Artist Statement

My artwork is based on a performative approach to multi-media sculpture. My artistic practice has been highly influenced by the merger of technology with the visual arts, which occurred in the late 1940's, as well as my personal interest in holistic theory. The result is a hybrid of performance, video, sound and sculpture, placing an emphasis on psychological process expressed through physical incidents. The work is a continuation of the exploration started by artists such as Bruce Nauman and Bill Viola who situated video as the interplay between the physical and psychological aspects of perception. Concurrent with the exploration of video art, an emphasis on the process of artistic creation over the formal properties of the artistic product, led artists to combine different mediums in an attempt to track and make evidence of their experiences. Performance artists introduced the human body and its functions as powerful metaphor for psychological, social, and spiritual conditions, bringing to question the role of the artist as well as the audience in the production of works of art. It is from these developments in the history of art that my work emerges.
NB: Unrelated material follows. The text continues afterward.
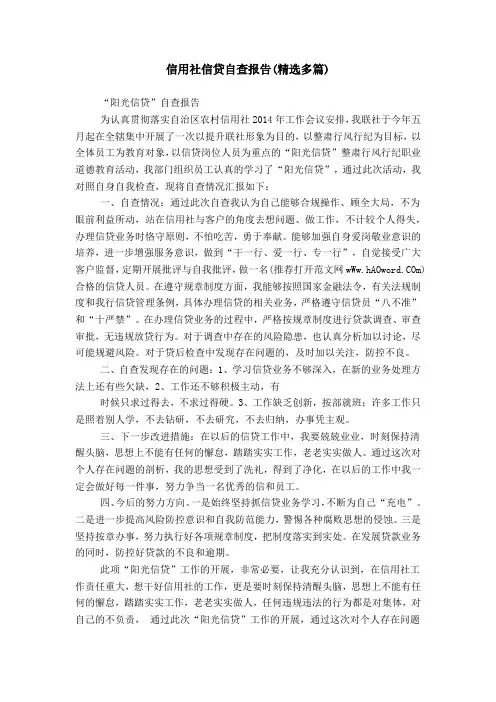 信用社信贷自查报告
Inspired by the performance art movement of the 1960’s and 1970’s, my early performance work utilized the body either as raw material or as an object of movement through space. Ranging from experiences of abjection to trance states, I performed durational pieces in reference to various aspects of incarnation. In other early performance work I concealed the features of the body and utilized performance as a means of creating movement. In 2001, I began to fuse my performance with video. Rather than perform live in a gallery space and video tape the performance for documentation purposes, I structured my performances for the video media, prerecording, editing and then installing the video in various gallery settings. My use of multi-media techniques is intended to engage the audience through the appeal of its accessibility and to urge the audience into an internal, physiological response. My use of video focuses the viewers’ attention on the object of concern and provokes visceral experience through sound and action. My orientation towards performance art, live or pre-recorded, provides the audience a focus object with which they can identify. I find the presence of the physical body and the functions it performs have the capacity to emphasize the relationship between the flesh, the external world and internal psychological processes.